Paritial upload of Backups to GCS when using pbm 2.10.0

Hello, recently we’ve upgraded PBM from 2.9.1 to 2.10.0.

We’re uploading backups to GCS

After the migration we’ve noticed that some objects appear to be partially uploaded, unfortunately there is no errors logged when this occurs.

With 2.9.1 we were using the S3 driver with retries setup.

With 2.10.0 we had to migrate to GCS driver without configuring any retry (this option is not documented). Taking a look at the source code it looks like it is possible to setup backoff options (backoffInitial, backoffMax, and backoffMultiplier) but I am not entirely clear how to properly configure these so there’s a maximum number of retries, can you please clarify?

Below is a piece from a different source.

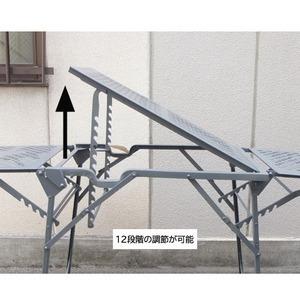 チェコ軍放出 メディカル フォールディングベッド 収納木箱付き 未使用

S3 driver has been quite reliable for us and it is logging errors that take place during transfer, is there any chance to force 2.10.0 to continue using S3 driver while uploading backups to GCS? The GCS implementation doesn’t seem as reliable and S3 one so we are forced to continue using 2.9.1 for now.

Hello,

Thank you for reporting this. Let me start by directly answering your questions:

is there any chance to force 2.10.0 to continue using S3 driver while uploading backups to GCS?

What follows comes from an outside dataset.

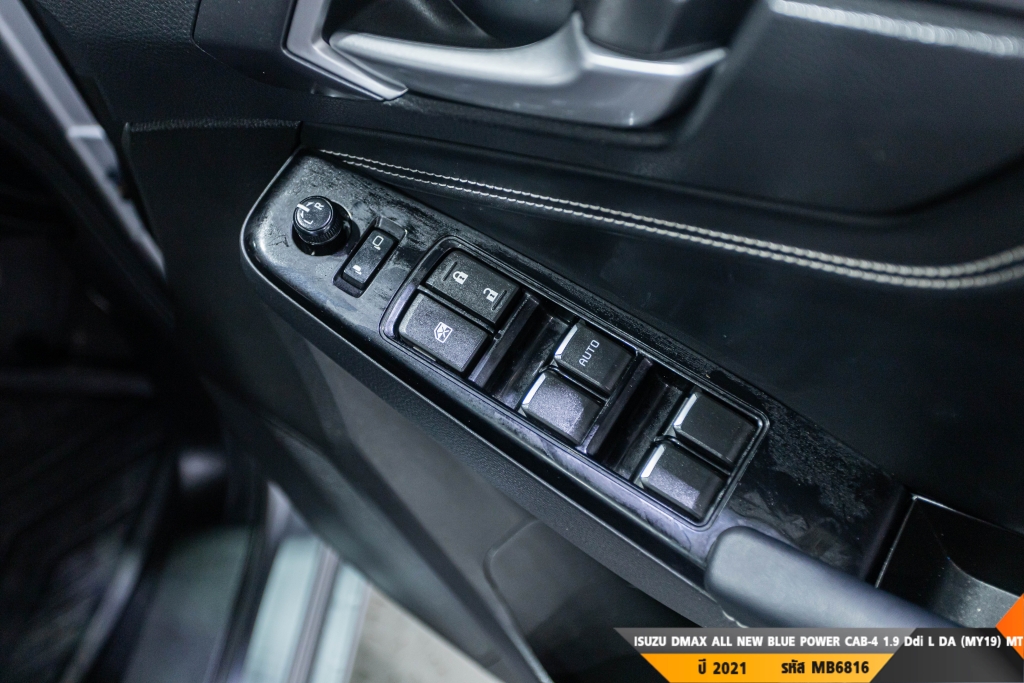 ISUZU DMAX ALL NEW BLUE POWER MT ปี 2021#5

We were forced to migrate to dedicated GCS library due to the end-of-support for AWS V1 SDK: Announcing end-of-support for AWS SDK for Go (v1) effective July 31, 2025 | AWS Developer Tools Blog .
AWS v2 SDK doesn’t support GCS, so answer to your question is unfortunately no.

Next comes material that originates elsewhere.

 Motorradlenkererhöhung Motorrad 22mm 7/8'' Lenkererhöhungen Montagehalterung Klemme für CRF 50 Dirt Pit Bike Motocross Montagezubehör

I am not entirely clear how to properly configure these so there’s a maximum number of retries

Retry options for GCS are documented here: Remote backup storage options - Percona Backup for MongoDB
So by default there will be retries after: 1, 2, 4, 8, 16 seconds.

In general, we’ll be able to help you more if you clarify the usage scenario a bit, especially this:

After the migration we’ve noticed that some objects appear to be partially uploaded, unfortunately there is no errors logged when this occurs.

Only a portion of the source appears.